It was not just the poets and the fanatics; historians also conspired to shovel the murdered into the footnotes of history. By reaching into the footnotes and giving back to the dead all they had, their names and their lives, Myers changes everything, changes it utterly. For then it is not a terrible beauty which is born, it is a terrible indignation.

And he directs this not just at the IRA but to the killers of the UVF as well, and, which will be startling to those this side of the water, at the Parachute Regiment of the British Army which he saw in action and at close range. I have never read a book like this.

Kevin Myers could have done with a good editor to prune the odd paragraph, as in this description of Bernadette Devlin:

She was a a strangely attractive women [sic] and though plain-featured she exuded an incredible sexual energy and an extraordinary room-filling presence, which she reinforced with a wickedly witty tongue.
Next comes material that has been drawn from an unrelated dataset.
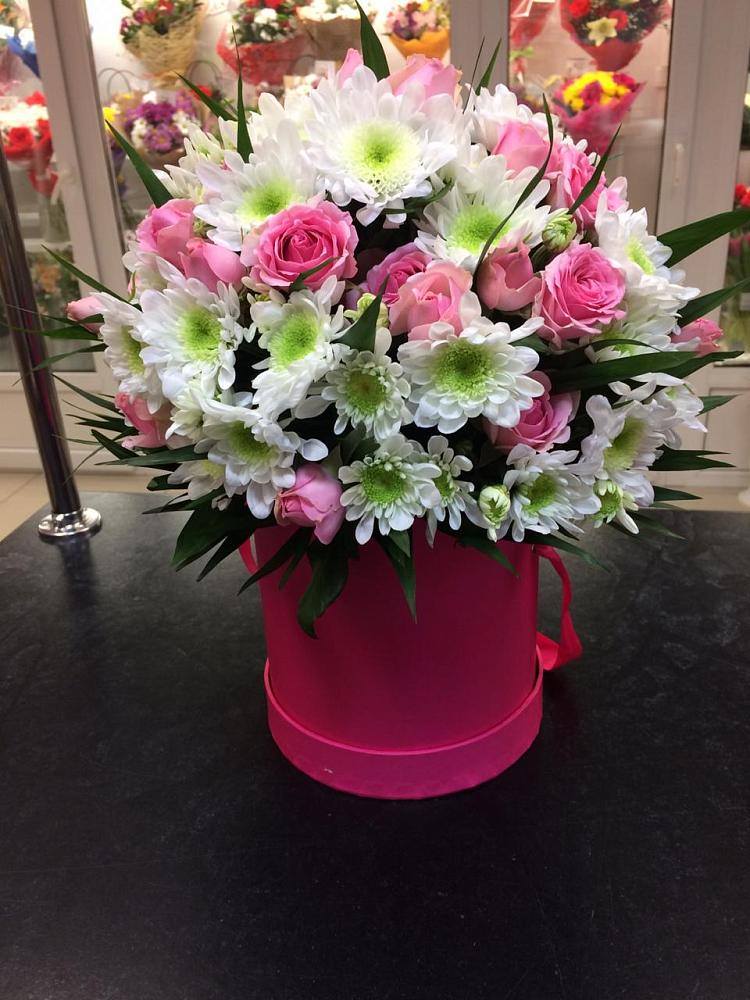 Цветочная композиция из Розы и Хризантемы в шляпной коробке в Качалино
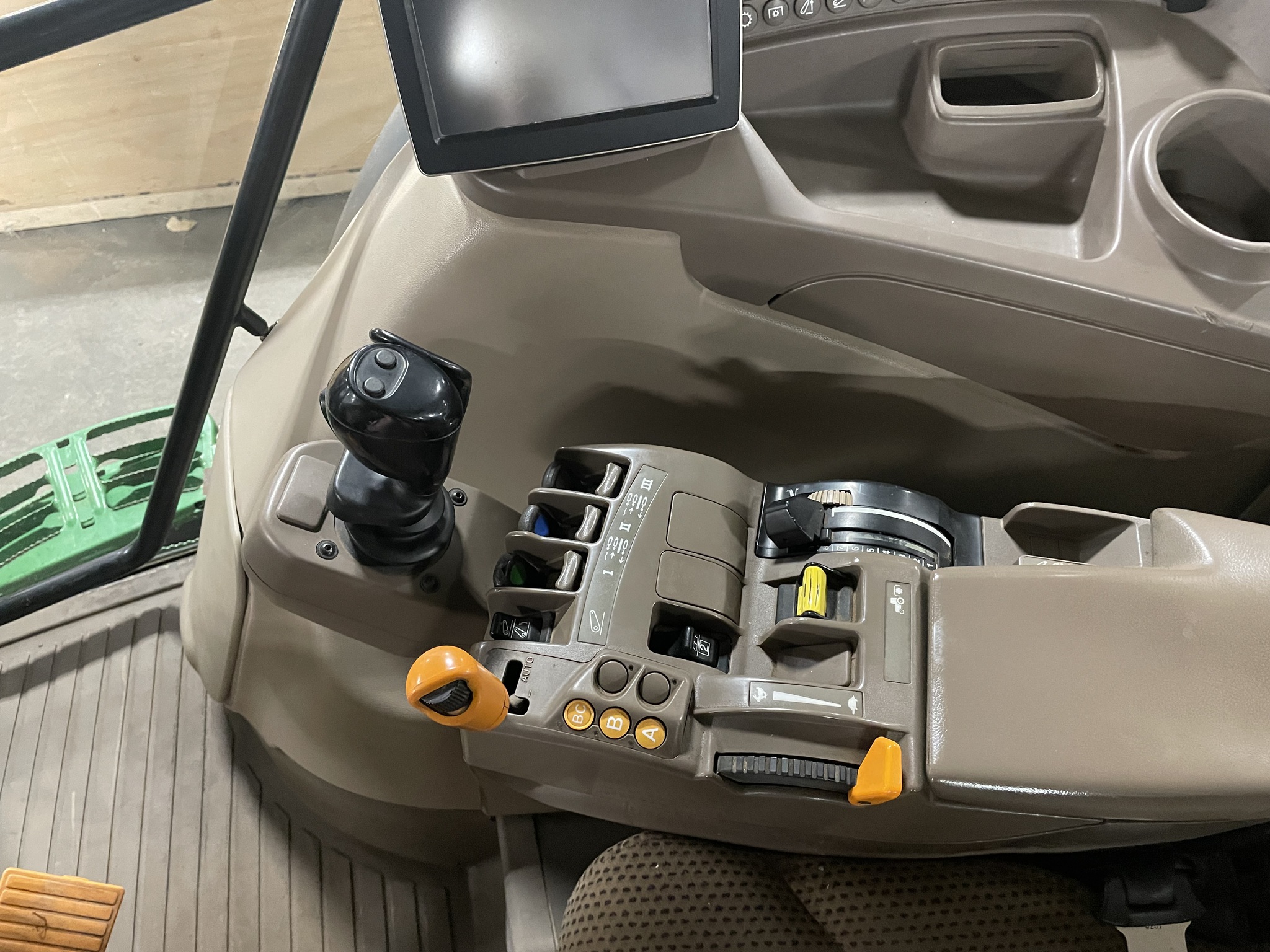 2014 John Deere 6210R Image 14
As the barmaid said to the young Dylan Thomas, ‘There’s words.’

But his version of events rings true, particularly in the terrifying details he throws in so casually: that bodies blown apart smell like dissected rabbits in school labs, that the Troubles lasted as long as they did because the killers on both sides had all the free time in the world, being on (British) state benefits. And what came of all these events in the end? Those who had directed them, and were left standing, got rich.

This is not a book the smiling men with pasts who now sit in Stormont would want to read, or the British and Irish governments, come to that. But the fact that Kevin Myers is still alive is the most hopeful single fact to come out of Northern Ireland.